The default behavior is to generate the output file for each directory in ROOT. For CrossDocked2020, we supply more pockets than we used to analyze, so you can pass the cd2020_pockets.txt file in the DIRS argument. The default values match what we used for CrossDocked2020.

Example -- generate the file it3_to_run.txt for CrossDocked2020 available at my_root for iteration 3, using the built-in dense net in gnina

python3 counter_example_generation_jobs.py -o it3_to_run.txt -r MYROOT -i 3 --cnn dense --dirs cd2020_pockets.txt

Once this has been created, each of these commands will need to be executed. Note, there will be many commands to run, so we recommend running in parallel across many GPUs on a computing cluster if possible.

Step 3 -- Generating the lines to add to the types files.

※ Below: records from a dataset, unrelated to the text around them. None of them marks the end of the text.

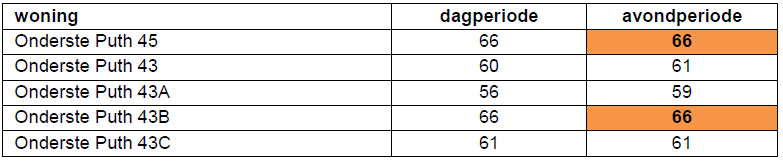afbeelding "i_NL.IMRO.0962.BPGemeenschapsPuth-ON01_0022.png"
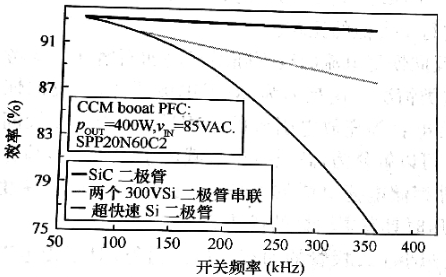 由600V MOSFET,SIC二极管或Si二极管组成的功率因数校正电路中效率的比较情况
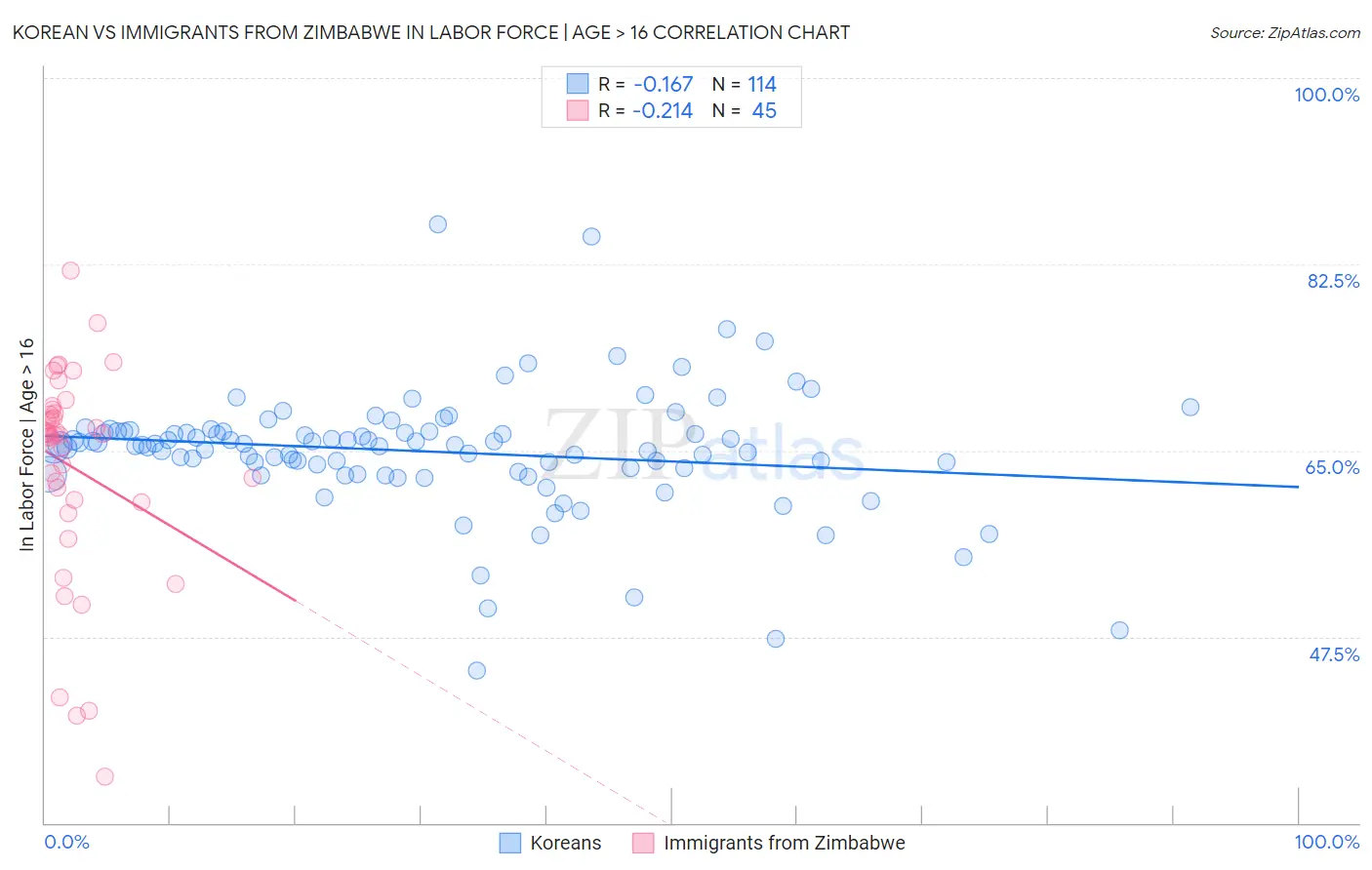 Korean vs Immigrants from Zimbabwe In Labor Force | Age > 16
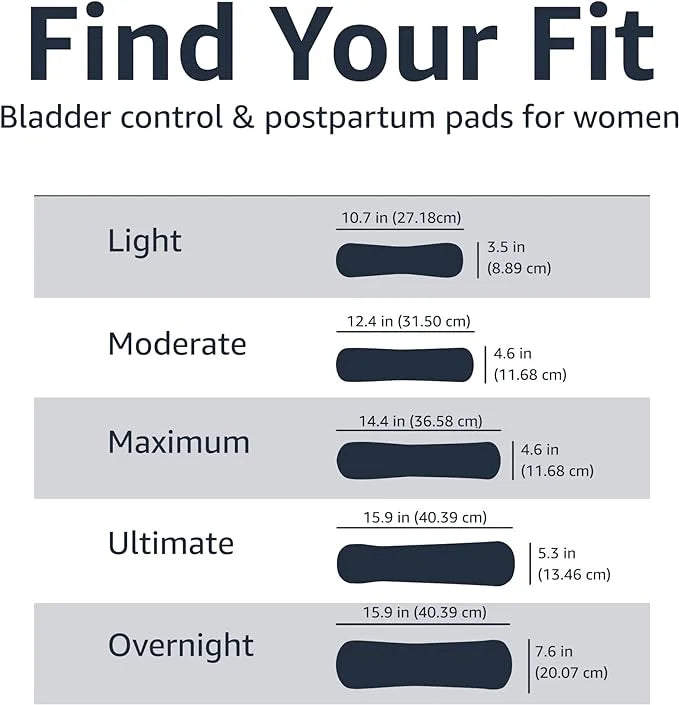 Amazon Basics Women's Incontinence Pads, Bladder 108 Count, (2 Packs 54)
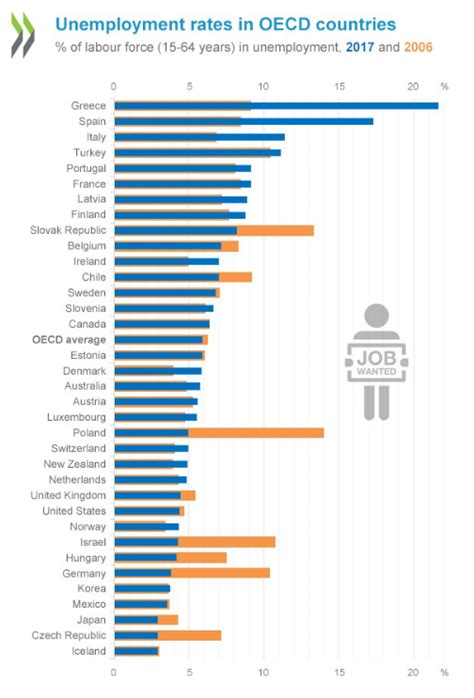 Unemployment Rate By Country Highest And Lowest World Economic Forum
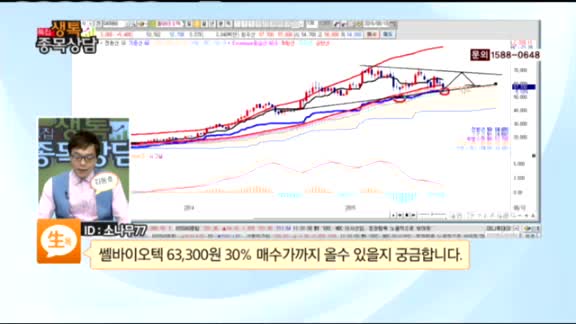 [종목상담] 쎌바이오텍(049960)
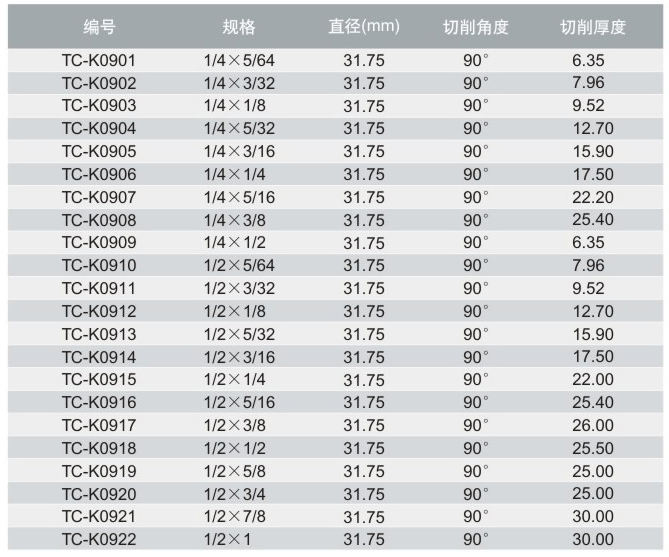 tccntools_页面_17_r5_c7.jpg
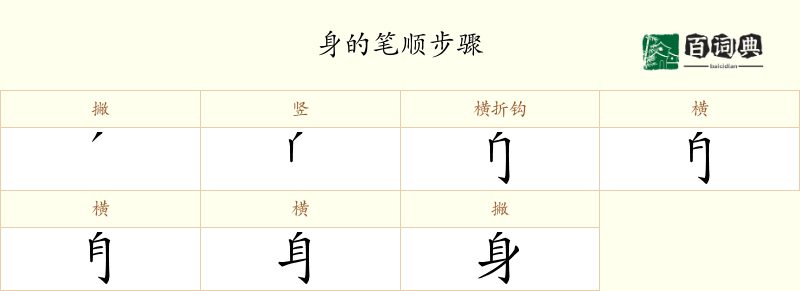 身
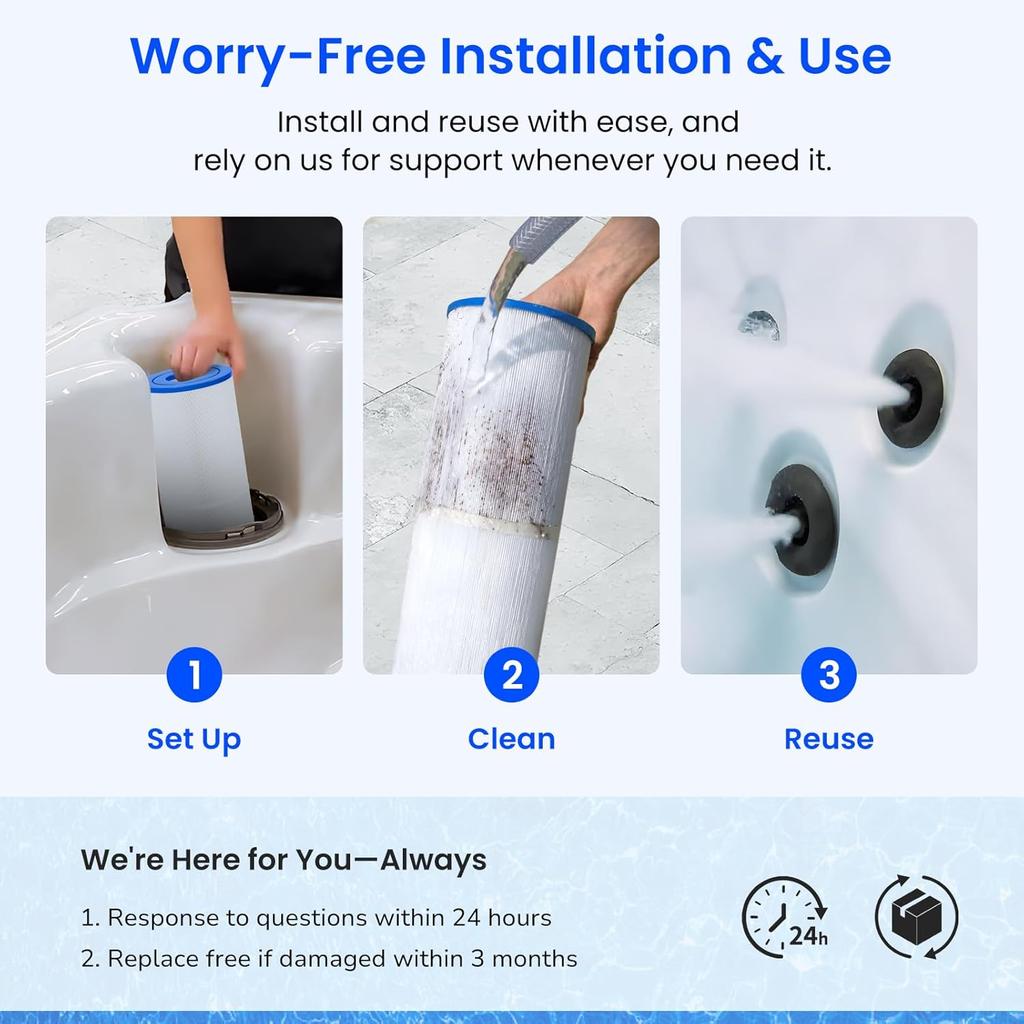 Filtro per Vasca Idromassaggio per Pleatco PRB50-IN, Cartuccia Filtro per Spa per PRB50IN, Unicel C-4950, Darlly SC706, 40506 Filbur FC-2390, Jacuzzi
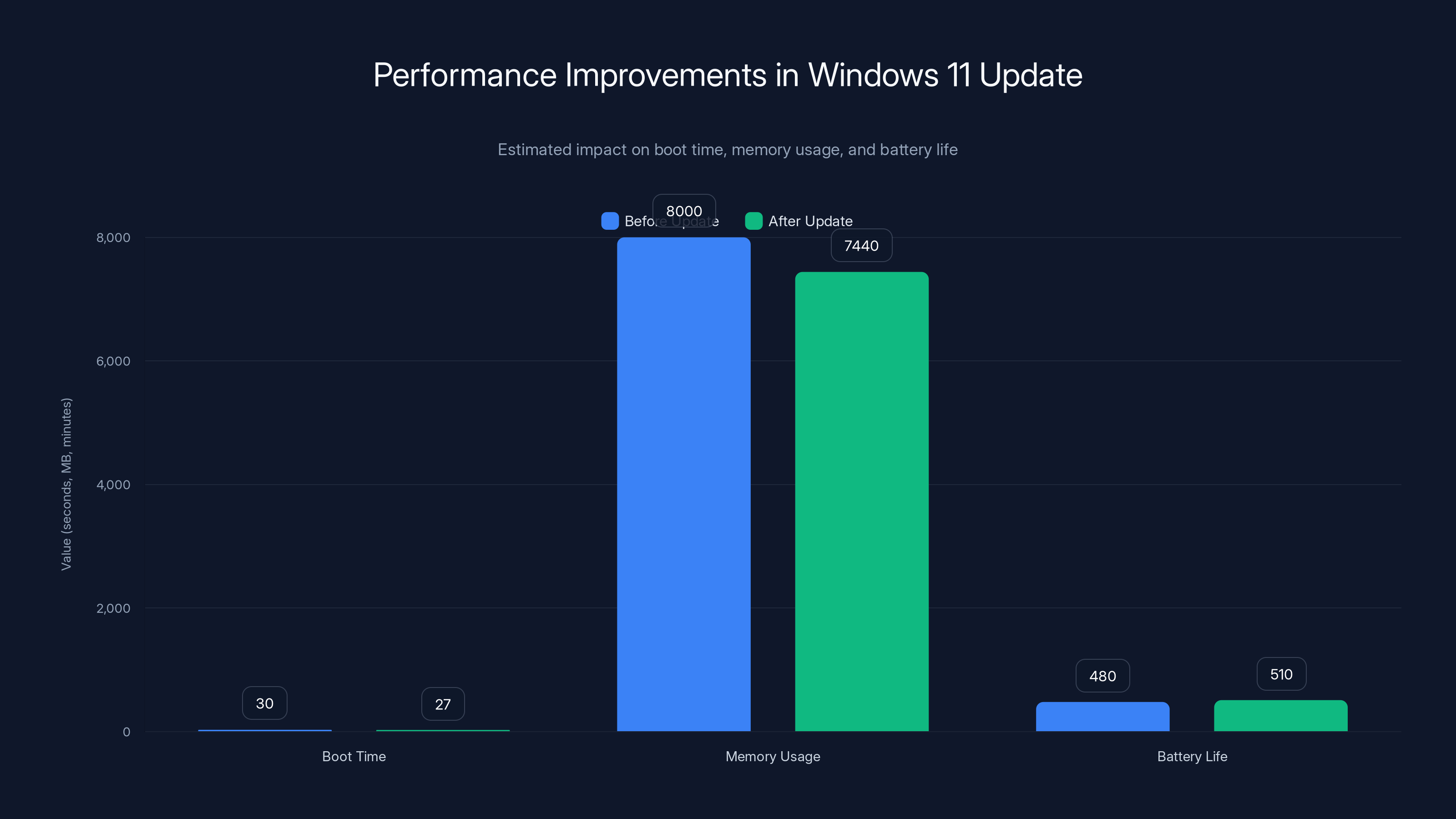 Performance Improvements in Windows 11 Update
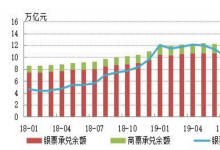 2020年上半年票据市场运行情况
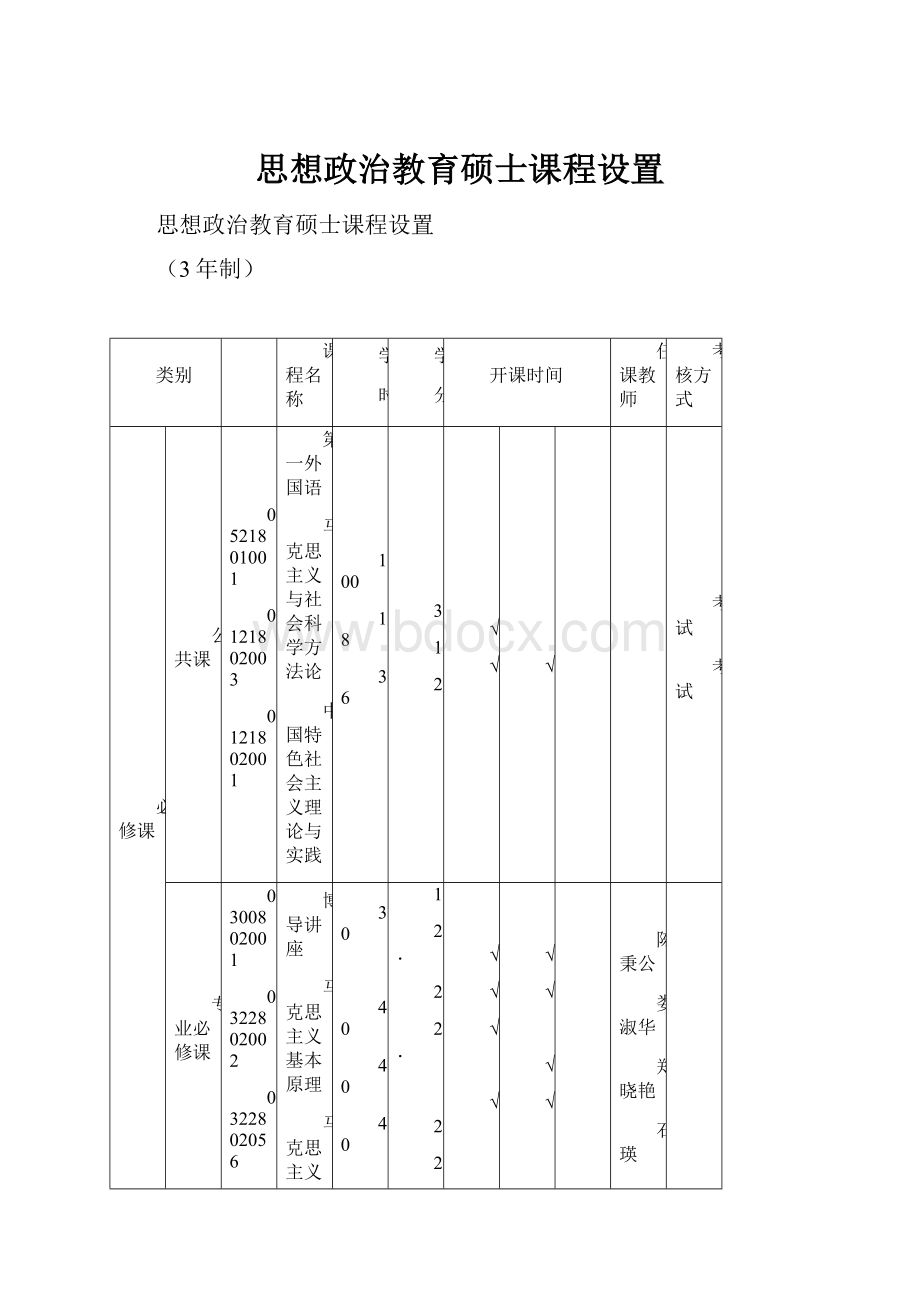 思想政治教育硕士课程设置.docx_第1页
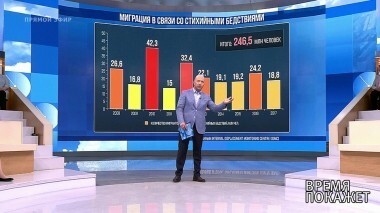 Фактор погоды. Время покажет. Выпуск от 06.08.2018
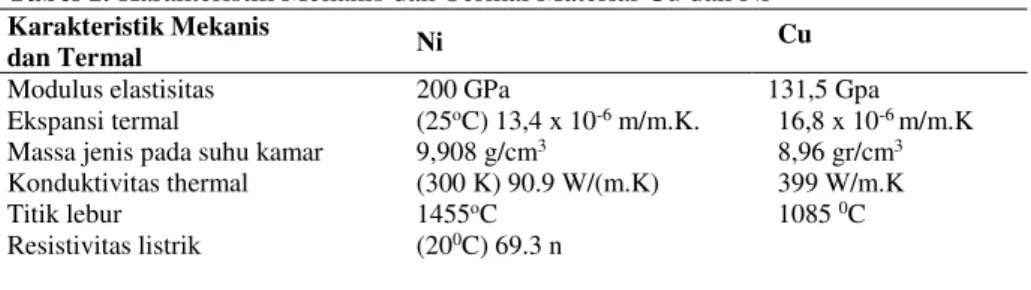 Tabel 1. Karakteristik Mekanis dan Termal Material Cu dan Ni  Karakteristik Mekanis  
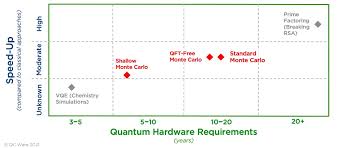 Goldman sachs is a backer of the open compute project, which was created by facebook. Goldman Sachs Makes Quantum Breakthrough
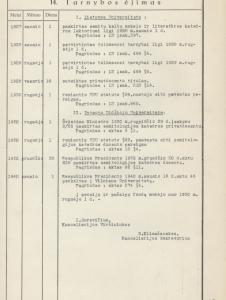 LCVA-631-3-710-3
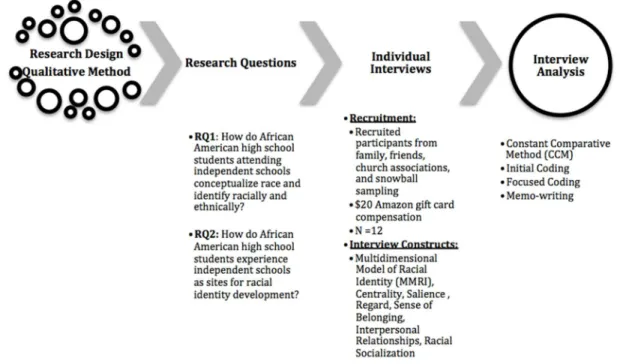 Figure 4 provides an overview of the project. Interviews were employed to understand  the experiences and perspectives of African-American students as they contend with  racial identity in their high school settings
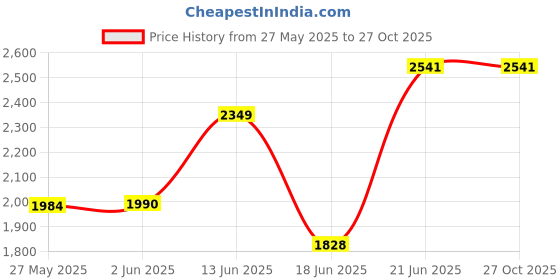 flipkart.com migsa Undermount Stainless Steel Kitchen Sink Single Bowl Heavy Duty Stainless Steel Matt Finish MG_91 Vessel Sink migsa Price History Graph from 27 May 2025 to 27 Oct 2025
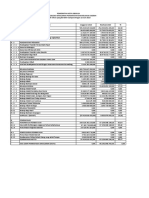 LRA PEMKO SIBOLGA 2023 - SD 22 Juni 2023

Running this script will generate OUTNAME in the supplied pocket, which will contain the lines to add to the types files for that pocket.

WARNING -- This script also performs an O(n^2) calculation per unique ligand in the pocket! This can take a very long time, and scales with the number of receptors and crystal ligands with the same ligand name present in the pocket. If this is to much, we recommend a downsampling strategy by moving files into a sub-directory prior to running the pipeline.

WARNING 2 -- As the calculations are O(n^2), we recommend running each pocket as its own job on a computing cluster if possible.

usage: generate_counterexample_typeslines.py [-h] -p POCKET -r ROOT -i INPUT
                                             [-cs CRYSTAL_SUFFIX]
                                             [--old_unique_suffix OLD_UNIQUE_SUFFIX]
                                             [-us UNIQUE_SUFFIX]
                                             [--unique_threshold UNIQUE_THRESHOLD]
                                             [--lower_confusing_threshold LOWER_CONFUSING_THRESHOLD]
                                             [--upper_confusing_threshold UPPER_CONFUSING_THRESHOLD]
					     [--good_pose_thresh GOOD_POSE_THRESHOLD]
					     [--bad_pose_thresh BAD_POSE_THRESHOLD]
                                             -o OUTNAME [-a AFFINITY_LOOKUP]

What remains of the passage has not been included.